BERSIAPLAH PARA CALON GURU


Tingginya minat masyarakat terhadap profesi guru merupakan fenomena yang sangat menarik untuk dicermati. Selama beberapa tahun terakhir ini, ada peningkatan yang cukup berarti perihal jumlah peminat bidang keguruan di berbagai universitas, baik yang berstatus negeri maupun yang dikelola oleh swasta / yayasan. Fenomena ini sangat jelas terlihat di banua kita. Kalau dulu orang bangga kuliah untuk menjadi insinyur, maka sekarang kebanggaan itu sepertinya beralih kepada profesi guru dengan menyandang gelar sarjana pendidikan. Kalau dulu masyarakat tidak terlalu memiliki animo untuk manjadi guru karena income yang serba “cukup”, maka dimasa-masa yang akan datang hal tersebut hanya menjadi bagian cerita masa lalu.
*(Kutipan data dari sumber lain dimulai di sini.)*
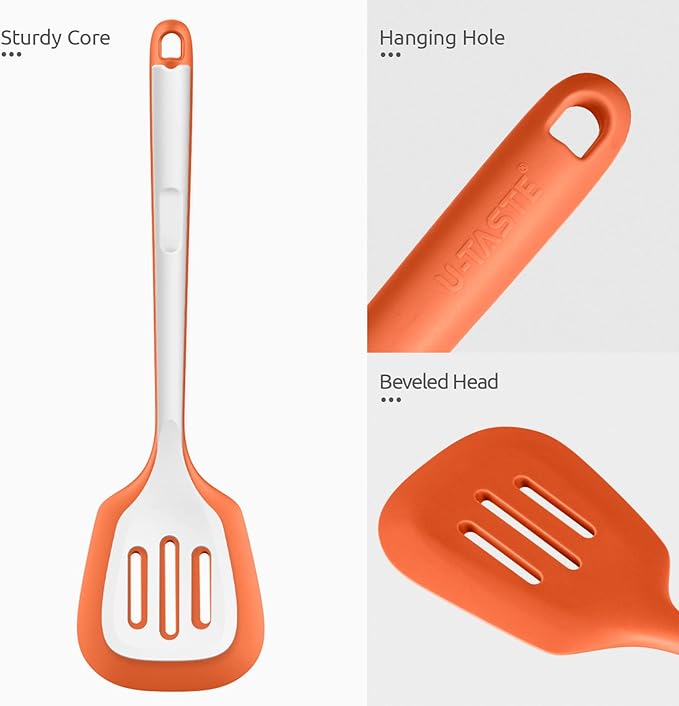 U-Taste Silicone Turner Slotted Spatula, 13.6" Long/3.7" Wide, Orange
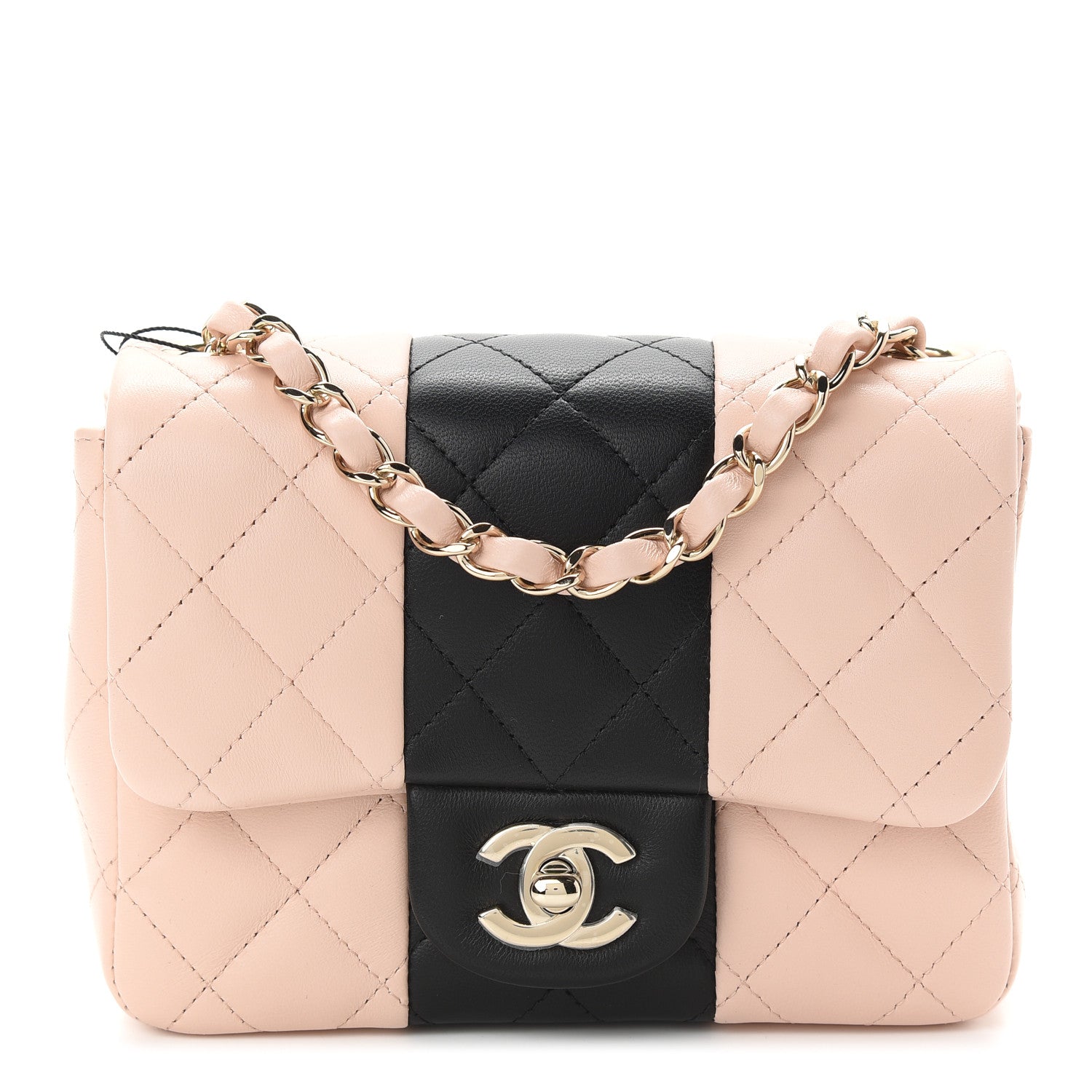 Chanel Lambskin Quilted Mini Square Flap Light Beige Black 1 of 9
Dengan masih minimnya jumlah tenaga pendidik ditambah adanya berbagai fee dan tunjangan yang disediakan pemerintah, profesi guru telah menjadi profesi favorit bagi sebagian besar orang. Inilah rupanya yang menjadi stimulus efektif di tengahnya tingginya angka pengangguran dan minimnya lapangan kerja yang menghimpit bangsa kita.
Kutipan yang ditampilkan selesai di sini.